Nel 1953 acquistò il brevetto di una penna a sfera dall’ungherese László Bíró.

Si stava già occupando da tempo di matite e penne stilografiche ma l’idea della penna a sfera lo conquistò.

Da circa trent’anni, molti ricercatori studiavano come ottenere risultati migliori da quell’idea, ma nessuno riusciva a garantire un prodotto efficiente. Lo stesso Bíró, che pure si dimostrò il piú geniale di tutti, non trovava una soluzione perfettamente funzionante. La sua penna si inceppava e perdeva inchiostro. Inoltre aveva il difetto di costare carissima e di non attrarre nessun tipo di pubblico.

Bich decise di lavorare sull’invenzione dell’ungherese.

Erano soprattutto due le questioni da affrontare: bisognava risolvere il problema della sfera, che si deformava troppo facilmente, e dell’inchiostro che non poteva essere né troppo fluido né troppo denso.

Il dilemma fu studiato in Svizzera, dove finalmente trovarono la lega ideale: il carburo di tungsteno.

Il barone chiamo Bic la nuova penna da lanciare sul mercato; previdentemente tolse l’h al suo cognome temendo l’ironia che poteva scaturire dalla sua pronuncia inglese.

Basò la campagna pubblicitaria sul bassissimo prezzo del prodotto. La Bic fu venduta a ventinove centesimi, che dopo qualche anno scesero addirittura a dieci. La penna non ebbe subito successo, costava troppo poco per essere uno status symbol ed era osteggiata dagli insegnanti che le attribuivano la colpa di peggiorare la grafia degli studenti.

Ma poco dopo divenne un successo: si dimostrò l’unica in grado di scrivere tra le dita di un astronauta, ossia con qualunque inclinazione e in assenza di gravità ; aveva l’involucro trasparente e quindi il suo possessore poteva verificare se stava per esaurire l’inchiostro; la sua forma esagonale non rotolava sui banchi che a quei tempi avevano la superficie inclinata.

In seguito il barone acquistò nel ’57 l’inglese Biro-Swan e nel ’58 il sessanta per cento dell’americana Waterman. Con l’usa e getta, che non si fermò alla penna, ma si estese al rasoio monolama e all’accendino, l’impero era creato.

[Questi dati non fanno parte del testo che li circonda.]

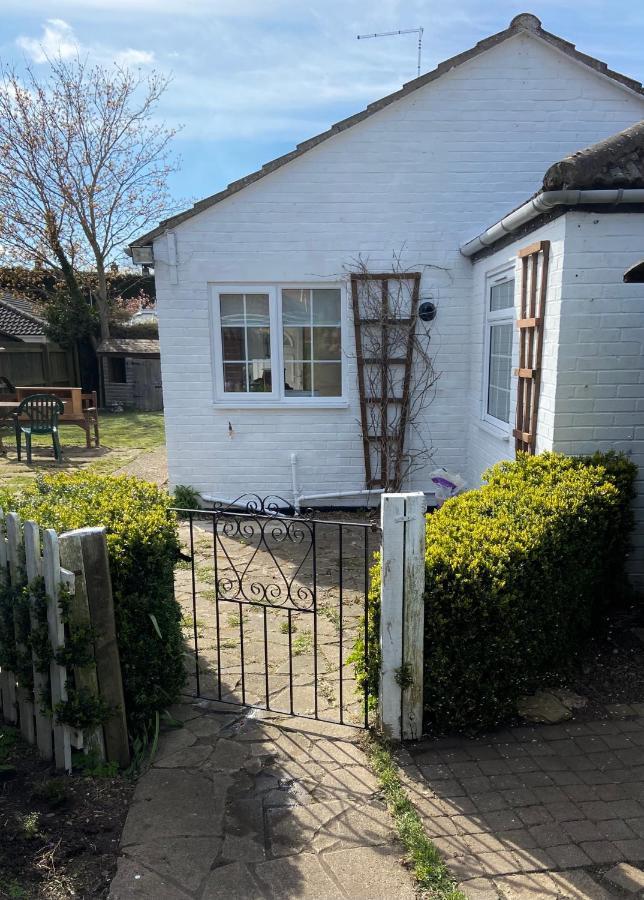 Field Cottage Whittlesey Bagian luar foto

Si era percorsa una lunga strada da quando Bíró aveva avuto l’intuizione della penna a sfera guardando alcuni bambini giocare a biglie e notando che le palline, dopo aver attraversato una pozzanghera, lasciavano sul terreno una linea regolare.

Bich, a questo punto della sua vita, si appassionò alla vela e al mare, acquistò scafi da competizione e decise di partecipare alla Coppa America da dove uscì più volte sconfitto.

Ma mise ancora a frutto la sua passione per il mare costruendo windsurf e kayak.

Diventato ormai anziano, lasciò ai figli ( ne ebbe 11)! il compito di occuparsi degli affari.

Il giorno della sua morte il 30 maggio del 1994 fu ricordato sui giornali con l’immagine di un accendino e la frase “Una fiamma si è spenta”.